For dreaming, I asked myself what were the most adventurous climbing areas we can have.

By adventurous I mean:
-remote and wild place
-hard to escape
-no gear in place
-long climbs
-far away routes...

For me in UK, although I don't know all this places:
-Gogarth cause sometimes you can't escape
-oaklands for same reasons but more remote
-ben nevis
-some extreme loose rock scrambles

In Europe:
-Ordesa, Naranjo de bulnes in spain but I know there is very remote places in spain
-Alps, pyrénées, some routes in the Verdon or in the calanques, and Bavella in France
-Dolomites, val di mello in Italia

What else?? Have you some ideas?

(in the wold it's too hard cause there is everywhere crags like Tepuy in Venezuela, Mont Asgard, Himmalaya, Antarctica...)
The Ivanator - on 29 Jan 2013
In reply to Archibald: The Cuttings. ;-)
Ramblin dave - on 29 Jan 2013
In reply to Archibald:
Surely loads of bits of Scotland - the Cuillin and central Cairngorms spring to mind are wilder and woollier than the Ben? It's got a hut halfway up and a nice path down with a pub at the bottom!

Also: Lliwedd, Dover.
The Pylon King on 29 Jan 2013
In reply to Archibald:


Foula
getandy - on 29 Jan 2013
In reply to Archibald: there are a few areas in el chorro that are only accessible by the Camino del Rey walkway. the walkway is in such a bad state you are meant to via ferrata all of it and the start has been removed to keep the public of it! looks quite scary, gotta be one of the worst approach routes i think i have every seen! (doesnt mean i wouldnt love to do it :P)
The Ex-Engineer - on 29 Jan 2013
In reply to Archibald: First, Gogarth certainly shouldn't be on that list, it is not remote in the slightest and the not even particularly serious. In fact the only places in the whole of mainland England and Wales that could conceivably make the list are some of the crags on the Lleyn peninsula.
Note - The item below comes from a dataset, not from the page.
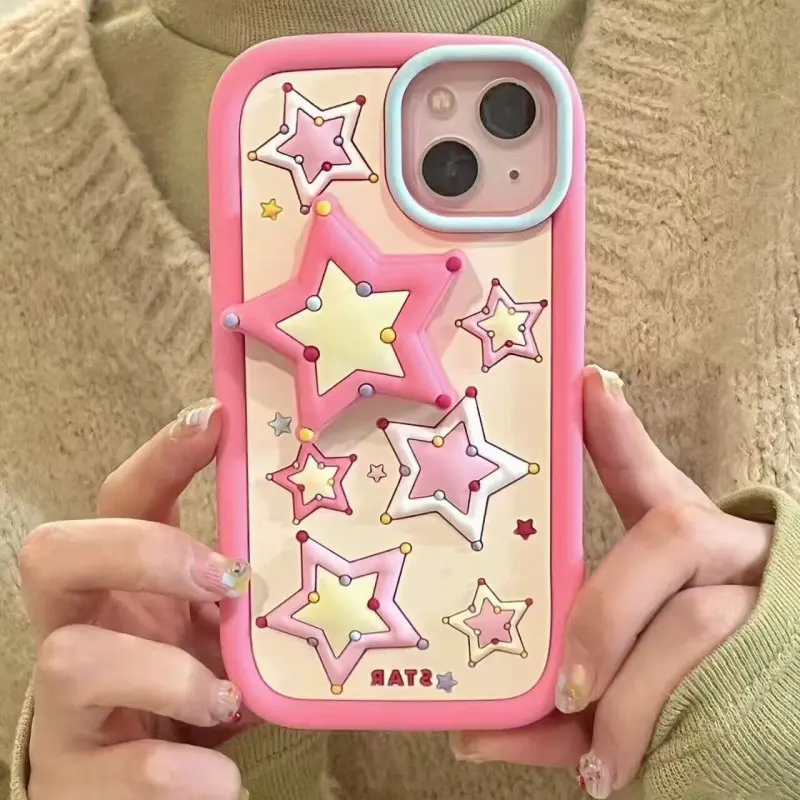 Beams Phone Cases-5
You could potentially put Carnmore Crag on the list as the most remote major inland Scottish cliff, but to be honest the only really adventurous areas in the UK are on the biggest cliffs on the more distant Scottish islands and potentially on some of our sea stacks.

Remote major crags:
- Sron Ulladale, Harris
- St Johns Head, Hoy
- Arch Wall, Pabby
- Dun Mingulay, Mingulay

Sea stacks:
Old Man of Hoy, Castle of Yesnaby, North Gaulton Castle, Am Buachaille etc.
Jon Stewart - on 29 Jan 2013
In reply to Mr Mark Stephen Davies:
> (In reply to Archibald)
>
>
> Foula

I've never been to CG, but I'm absolutely dying to go. Mercury Direct is one of my top routes to do, keep nearly getting there but conditions or wussy partners have meant it hasn't happened. I hear great things about the crag...am I being cruelly sandbagged into probably death?
GrahamD - on 29 Jan 2013
In reply to Jon Stewart:

> I hear great things about the crag...am I being cruelly sandbagged into probably death?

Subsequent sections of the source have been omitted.